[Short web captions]
⟨

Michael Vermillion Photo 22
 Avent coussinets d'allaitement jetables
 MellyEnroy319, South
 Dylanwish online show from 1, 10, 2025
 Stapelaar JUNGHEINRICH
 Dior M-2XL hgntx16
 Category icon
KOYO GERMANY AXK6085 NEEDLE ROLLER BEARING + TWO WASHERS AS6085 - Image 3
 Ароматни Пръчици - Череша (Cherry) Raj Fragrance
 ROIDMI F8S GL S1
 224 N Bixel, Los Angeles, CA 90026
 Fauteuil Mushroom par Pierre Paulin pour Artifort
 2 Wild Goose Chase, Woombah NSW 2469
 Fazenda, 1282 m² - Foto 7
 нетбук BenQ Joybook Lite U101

⟩

## Activity
Above are the records; copy all of them exactly.

## Output of the task
Michael Vermillion Photo 22
 Avent coussinets d'allaitement jetables
 MellyEnroy319, South
 Dylanwish online show from 1, 10, 2025
 Stapelaar JUNGHEINRICH
 Dior M-2XL hgntx16
 Category icon
KOYO GERMANY AXK6085 NEEDLE ROLLER BEARING + TWO WASHERS AS6085 - Image 3
 Ароматни Пръчици - Череша (Cherry) Raj Fragrance
 ROIDMI F8S GL S1
 224 N Bixel, Los Angeles, CA 90026
 Fauteuil Mushroom par Pierre Paulin pour Artifort
 2 Wild Goose Chase, Woombah NSW 2469
 Fazenda, 1282 m² - Foto 7
 нетбук BenQ Joybook Lite U101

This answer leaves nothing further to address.